Snobisme ou besoin d’exotisme ? À I/O, cela faisait un moment qu’on se disait qu’il faudrait tenter une descente au Palace. On a flashé sur l’affiche de Vincent C, le « magicien pour adultes ». On est allé le voir. On a ri comme des malades. Et si c’était au Palace qu’on pouvait recevoir une véritable leçon de théâtre ?

Il n’a jamais entendu parler de I/O. Mais quand il comprend que le journal ne se passionne pas vraiment pour la programmation du Palace, il nous rassure et sourit, relax : « Moi, j’aime mieux les intellos. » Vincent C, trente-cinq ans, pratique son art depuis tout jeune : quinze ans de carrière déjà, des salles pleines au Québec, son pays d’origine, la notoriété en France, conquise en deux saisons à « Fort Boyard ». Il a même partagé la scène avec Arturo Brachetti.

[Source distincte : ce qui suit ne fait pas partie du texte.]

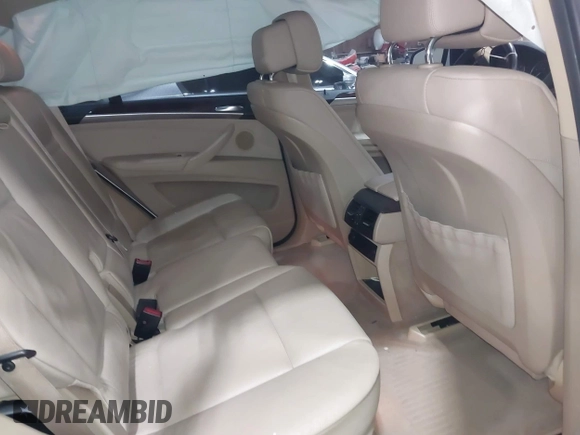 2012 BMW X5 35i z VIN 5UXZV4C54CL748257, wystawiony jako IAAI lot #42036669 z przebiegiem 122 438 mil mil oraz . Historia ofert i sprzedaży dostępna na DreamBid. Obrazek 8.
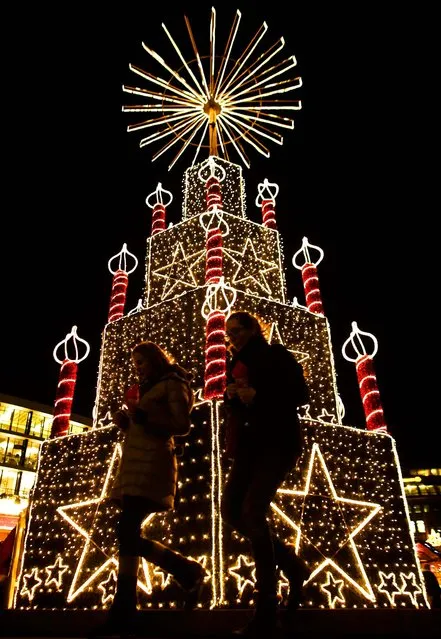 Two women walk in front of a Christmas illumination at a Christmas market in Berlin. (Photo by Markus Schreiber/Associated Press)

Trash. Ainsi définit-il son style. « Au Québec, on m’appelait le bad boy, le mauvais garçon de la magie. » Il ne se prive pas de faire des remarques sur l’âge, le physique, le prénom de « ses victimes ». Il malmène des spectateurs ravis, qui n’y trouvent rien à redire et en redemandent. Au besoin, il réactive « des stéréotypes tellement cons qu’ils ne peuvent que provoquer le rire. Car le but, c’est précisément de se moquer des préjugés ».

Vincent C n’aime ni les losers ni les weirdos : lorsqu’un spectateur échoue dans un défi qui lui a été lancé, il a gagné « une promenade dans le parc avec Joël Legendre », cet humoriste canadien surpris par la police en train de se masturber dans un jardin public. Comme Legendre n’est pas très connu en France, la blague est remplacée par une invitation chez les Le Pen. Car « personne n’aurait envie d’aller dîner avec Marine Le Pen ». Les numéros s’enchaînent. Question tempo, implication du public, déplacements sur la scène, Vincent s’y connaît : sa théâtralité intuitive et déglinguée, sans avoir besoin de s’embarrasser d’un quelconque prestige littéraire, en imposerait aux jeunes metteurs en scène qu’encense la critique.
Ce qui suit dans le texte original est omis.